Having said that, just because I consider something more Pythonic doesn't mean I prefer it. I've worked in a lot of languages over the years and still work in several in addition to Python. I really enjoy Python, but I prefer techniques that are more universal in many cases. For example, I prefer the idiom of looping over a list index to using Python's "enumerate" in most cases, because index looping is a common cross-language idiom and enumerate usually doesn't offer any benefit I value more than universal obviousness.

Other things such as Python's `for item in items` looping style are both VERY Pythonic and much nicer than, say, index looping, so I would almost always prefer such idioms.

The above switch -> function pointerish thing is clear to me from years of C/C++, but it is both less generally applicable across languages than if-elif... and less Pythonic, so I would prefer the if-elif... approach.

Obviously a matter of preferences, but since you asked....

It's strange that you would prefer `for item in items` but not `for i, item in enumerate(items)`. So in that case you'd manually do the `for i in range(len(items))...`?

I sometimes see this in code and think to myself, whoever wrote this needs to learn themselves some idiomatic python :) I don't think there's much point trying to force stuff that makes sense in one language into another language. Play to a languages strengths and all that.

I think you're right about if-elif generally being more powerful than the jump table. Though the jump table is useful in that you can define it in one place and use it in another.

It's still nicer than the

   func = getattr(self, 'do_%s' % thing)
I've seen in some codebases :)

Why? It's just a jump-table. In C, you would use function pointers instead of references to functions.

> There is a solution: parentheses without commas. I don't know why this works, but I'm glad it does.

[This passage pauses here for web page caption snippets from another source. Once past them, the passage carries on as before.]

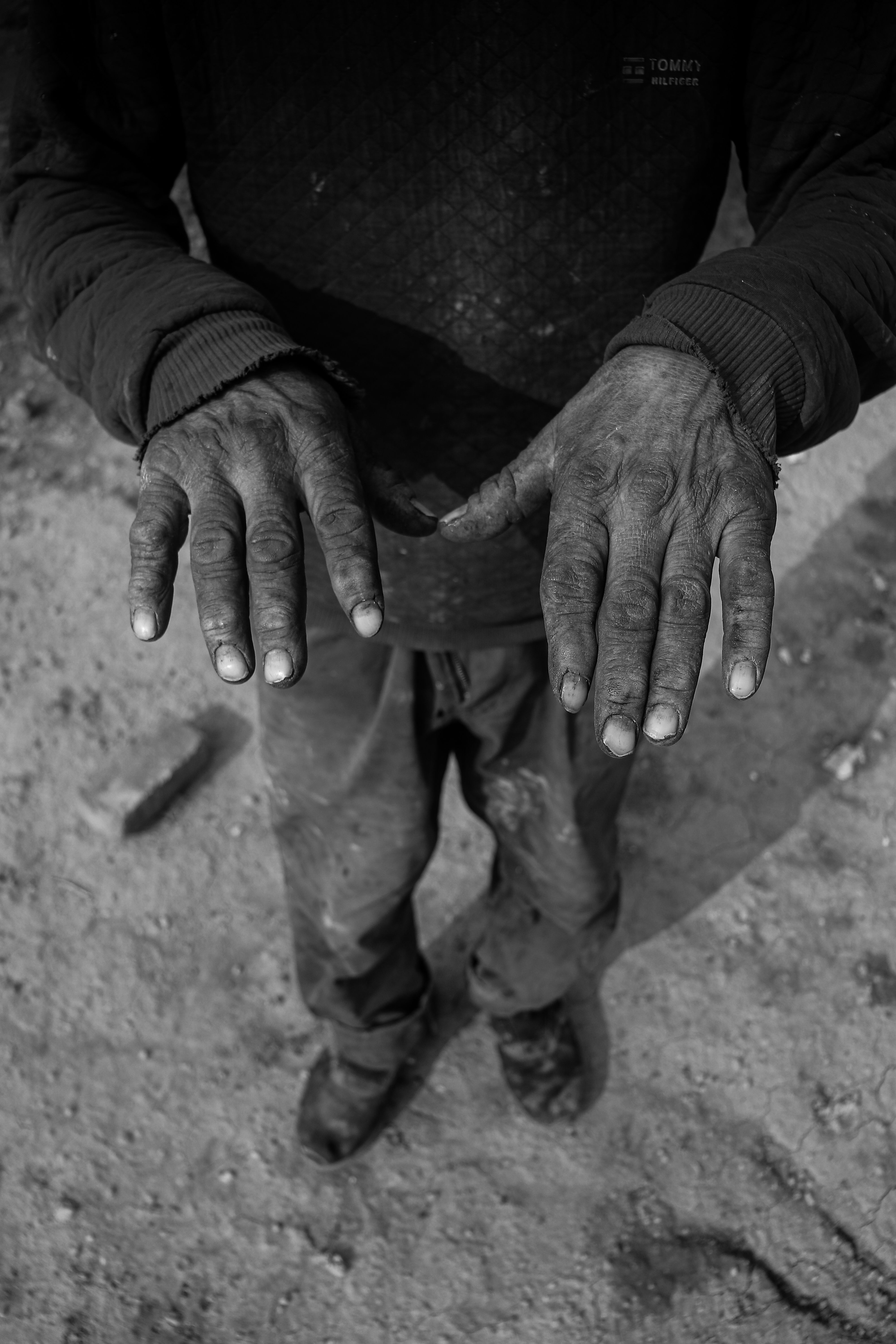 Close-up of dirty hands in a black and white portrait representing labor.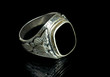 Ring on a black background with reflection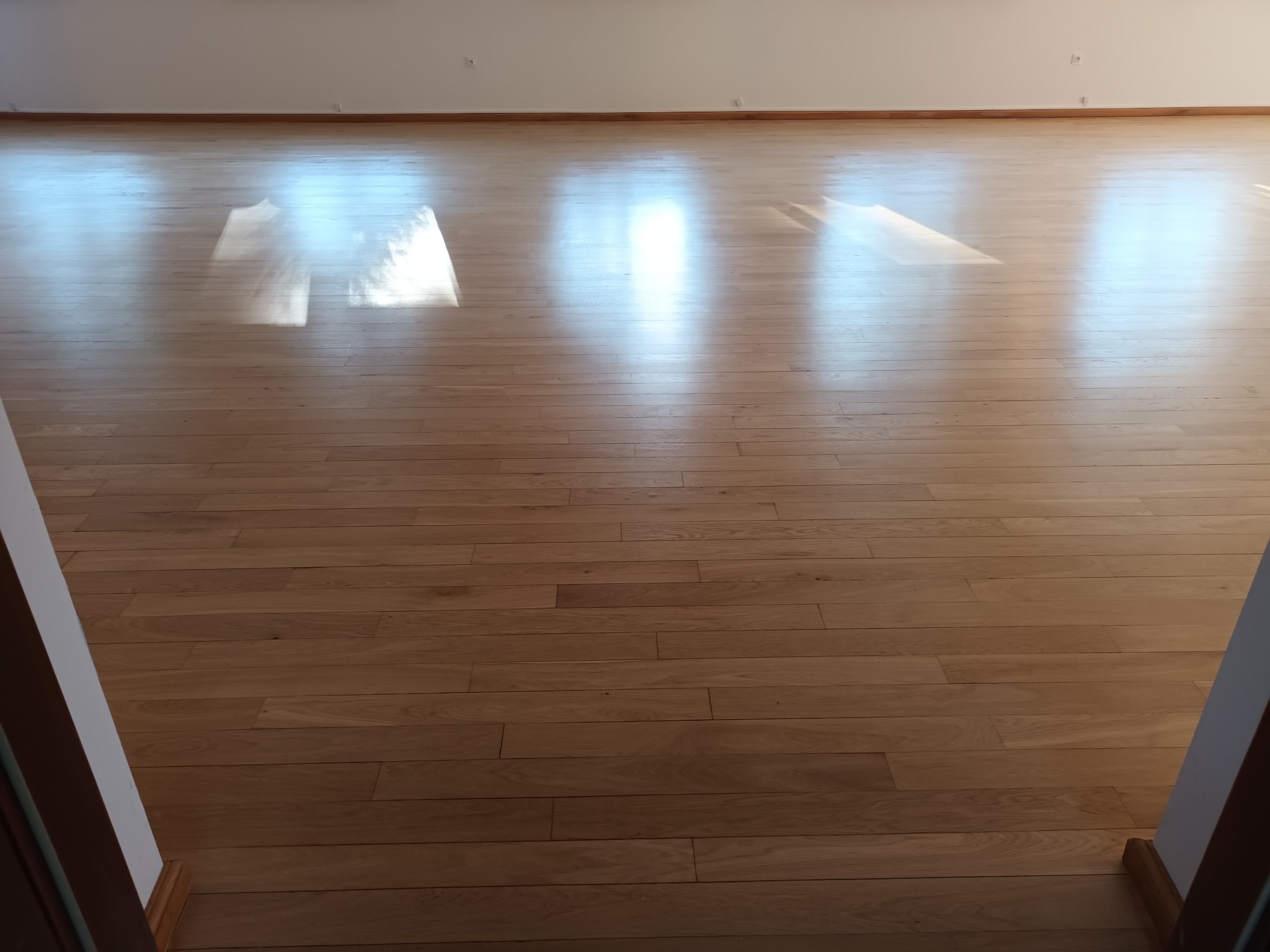 Jasna, drewniana podłoga z parkietu, oświetlona wpadającym światłem słonecznym, widok z perspektywy wejścia do pomieszczenia.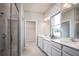 Contemporary bathroom boasts double vanity, glass shower, and a walk-in closet at 1628 Covey Rise Ter, Winter Haven, FL 33884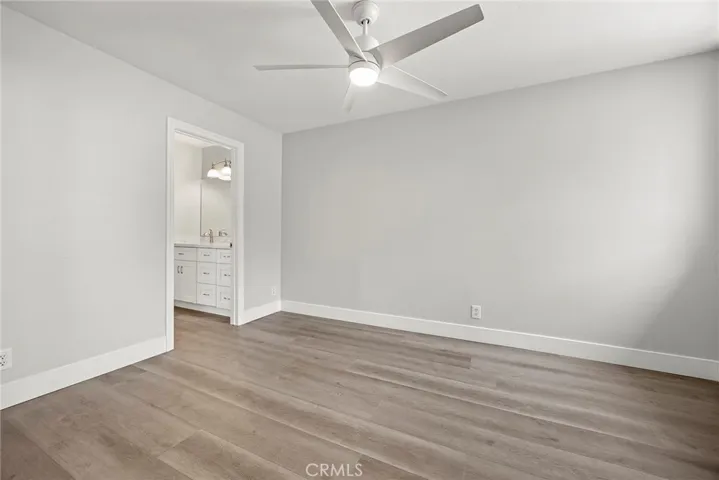 ONE GUEST BEDROOM WITH CEILING FAN.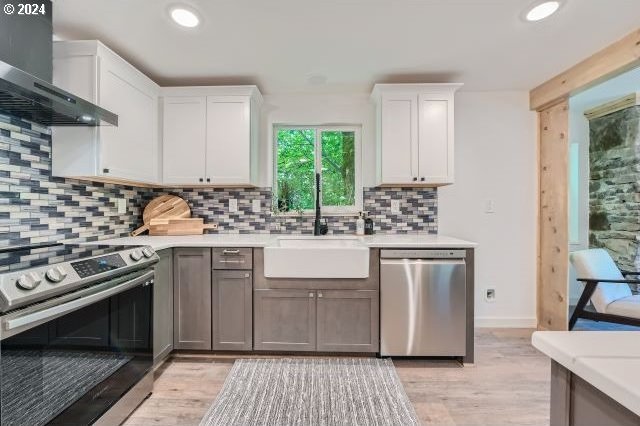 kitchen featuring white cabinetry, wall chimney exhaust hood, gray cabinets, appliances with stainless steel finishes, and light wood-type flooring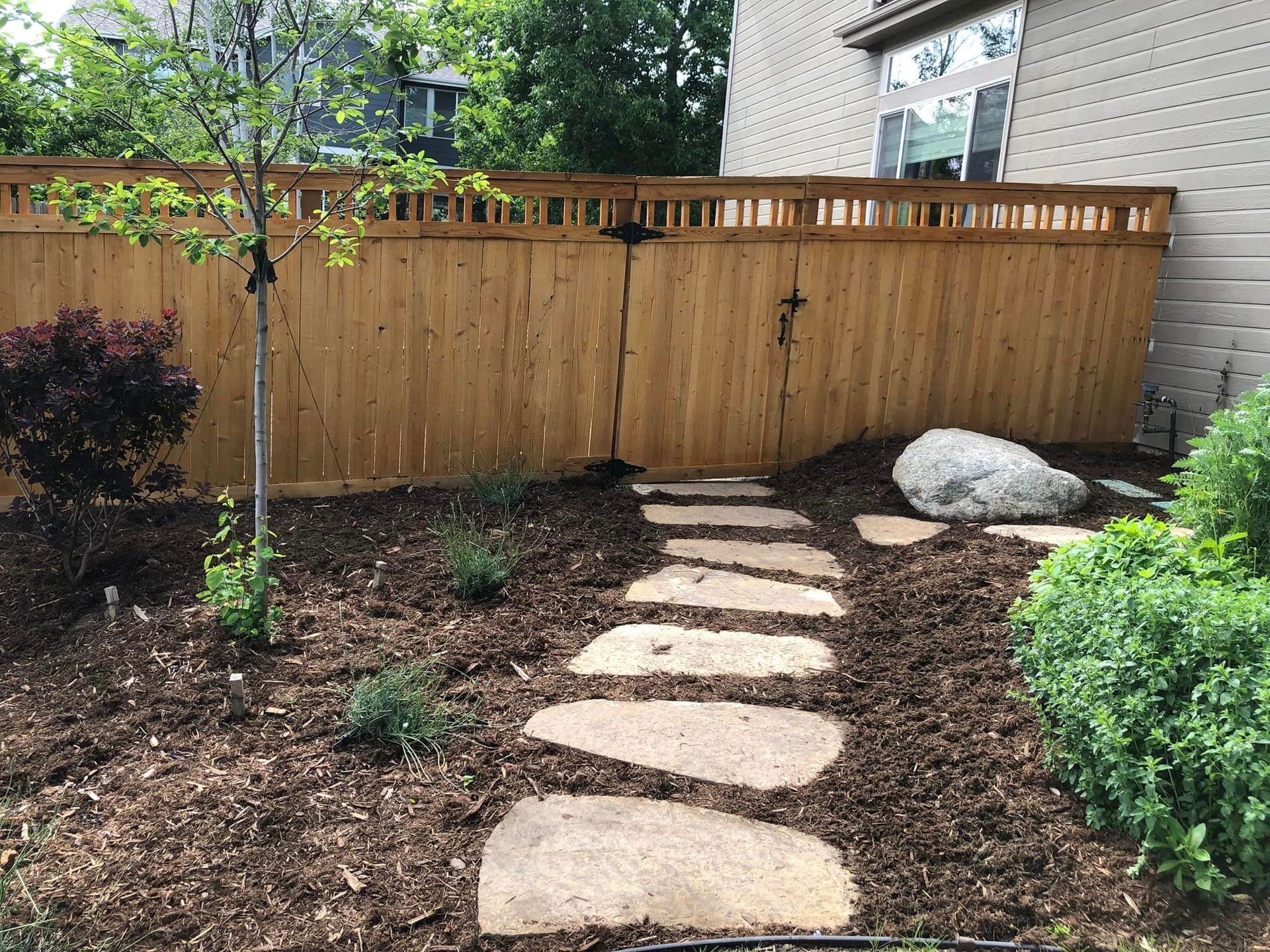 A wooden fence with a stone walkway leading to it.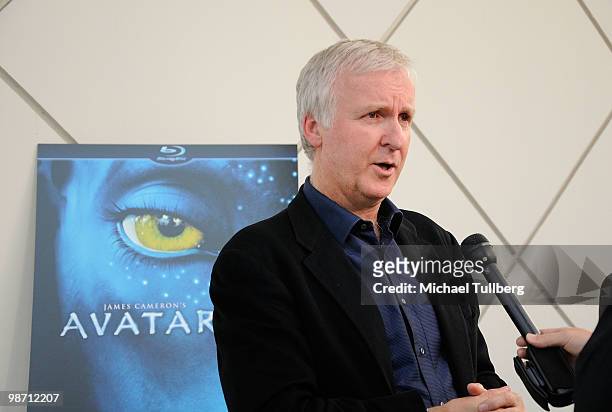 Director James Cameron gets interviewed on the blue carpet at "Is Pandora Possible?", a scientific discussion panel regarding the science and...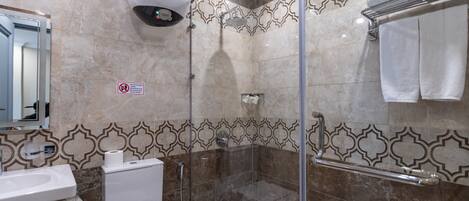A bathroom with a shower, toilet, and sink.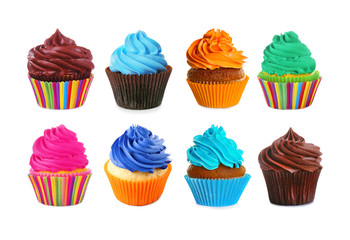 Set of delicious cupcakes on white background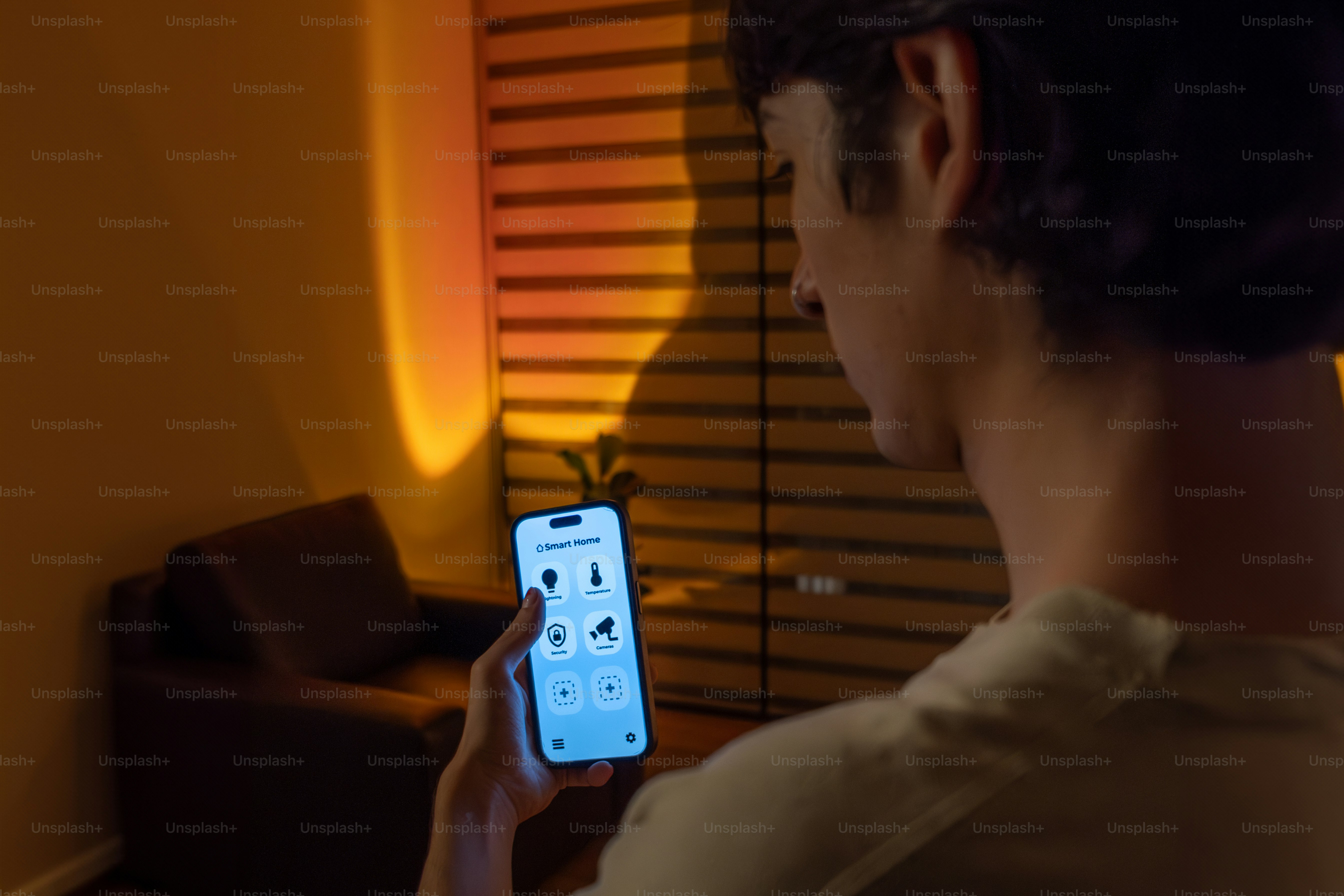 A person holding a cell phone in their hand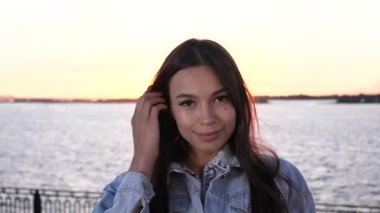 Gülümseyen ve kameraya bakan neşeli bir kadın..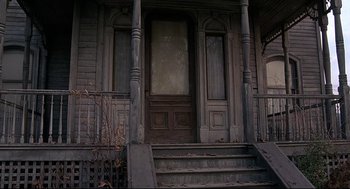 Movie still from “Psycho III” (1986), directed by Anthony Perkins – An old wooden door and steps leading up to a porch; Wide shot, Low angle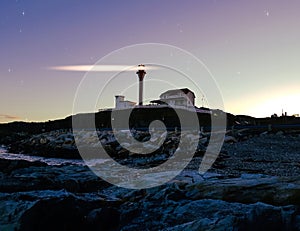 Lighthouse lit up in the starry night sky!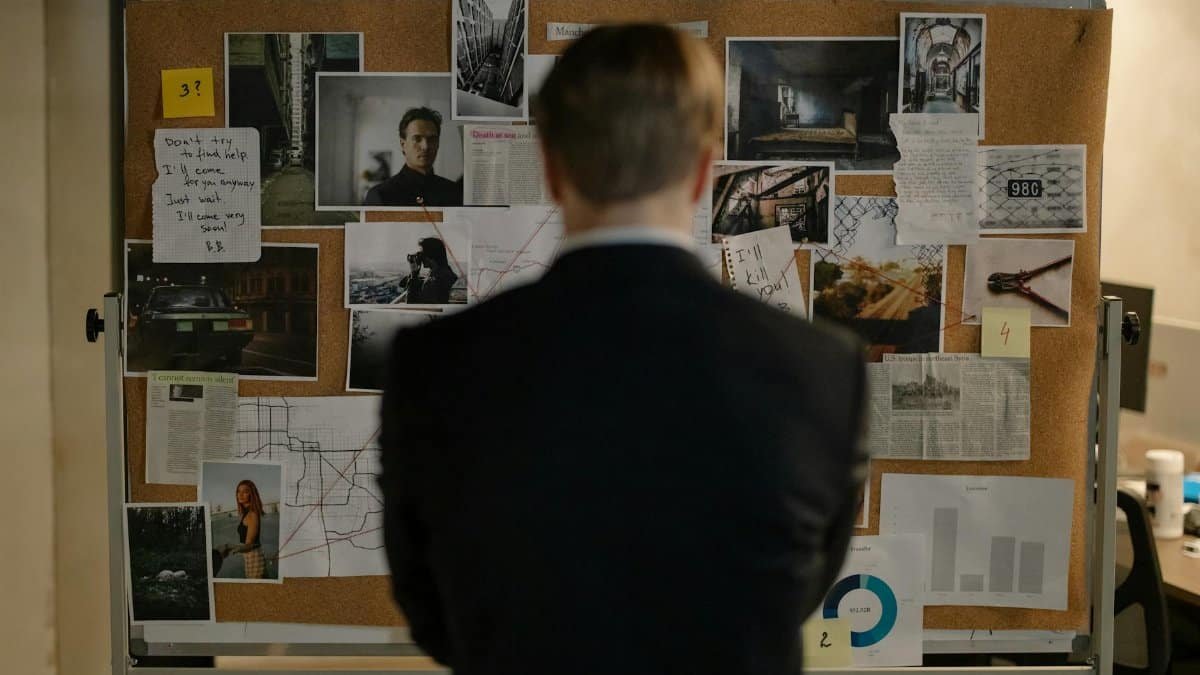 Detective examining clues on a bulletin board filled with photos and notes.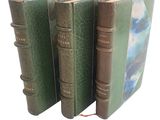 trois livres alignés sur une surface blanche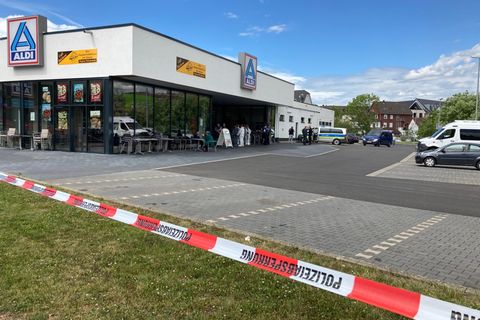 Flatterband hängt vor einem Supermarkt, in dem ein Mann eine Frau und sich selbst tötete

It's worth mentioning that this is a somewhat controversial practice. Guido has even discussed removing C-style string literal concatenation:


You may wish to consult your project's style guide and linter settings before using it.

I personally don't like this style of using multiple strings. Makes radical changes of the text cumbersome.

I think in most cases it's better to use triple quotes. And if the content of these variables isn't exclusively shown in the shell, you should use translation files anyway.

    $ cat triple.py
    def foo():
        print """this is a triple quoted string
                 this is a continuation of a triple quoted string"""

    if __name__ == '__main__':
    $ python triple.py
    this is a triple quoted string
                     this is a continuation of a triple quoted string
This is really warty. In bash you can mostly get around this with <<- for here documents (which removes leading indentation, so even if you're defining a here doc at a place that itself is indented, you don't have to align the text to the left column yourself). The man page in my version suggests it only works for leading tabs, not spaces, though.


    $ function usage() {
            cat <<-END
                    this is a here document that
                    spans multiple lines and is indented
    $ usage
    this is a here document that
    spans multiple lines and is indented

I don't have an opinion positive or negative on it, but since many other design decisions have already been mentioned, here is Haskell's design decision for multi-line string literals. It allows "tidy indenting", but like the first design decision, interacts badly with "reflowing / reformatting / filling".


I'd normally write

    def foo():
        print """\
    this is a triple quoted string
    this is a continuation of a triple quoted string"""

    from __future__ import print_function
    import textwrap

    t = """
            Hello there
            This is aligned

    # Need strip to get rid of extra NLs 


Use `textwrap.dedent()`?

Dedent is nice, but then you still have to deal with removing single newlines (e.g. for error messages) and removing leading and trailing spaces. Ultimately nothing more than `re.sub(r'[^\n]\n[^\n]', '', textwrap.dedent(s).strip())` but kind of annoying to have to throw this in your code all over the place.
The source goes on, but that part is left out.